* _YOUR GOAL_:
Reproduction of part of the material below, pictures omitted: copy exactly, and only, the lines starting with the one with "Lessive liquide - Savon" and going on through the one with "Restaurantware Balloon 1".

* _TASK DATA_:
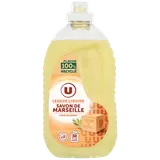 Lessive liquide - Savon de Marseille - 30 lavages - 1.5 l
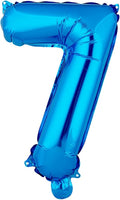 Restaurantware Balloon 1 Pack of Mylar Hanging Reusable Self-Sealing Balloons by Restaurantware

==

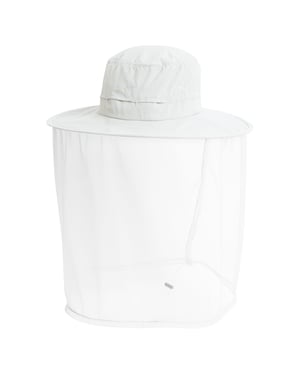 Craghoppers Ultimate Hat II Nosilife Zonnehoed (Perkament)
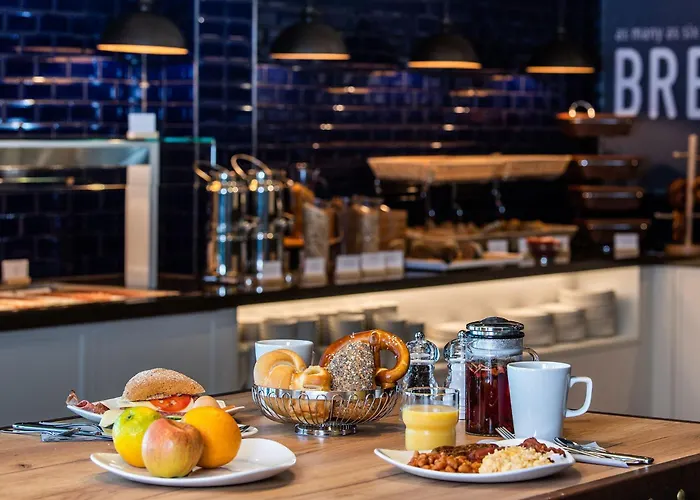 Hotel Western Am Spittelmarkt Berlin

* _YOUR RESPONSE_:
 Lessive liquide - Savon de Marseille - 30 lavages - 1.5 l
 Restaurantware Balloon 1 Pack of Mylar Hanging Reusable Self-Sealing Balloons by Restaurantware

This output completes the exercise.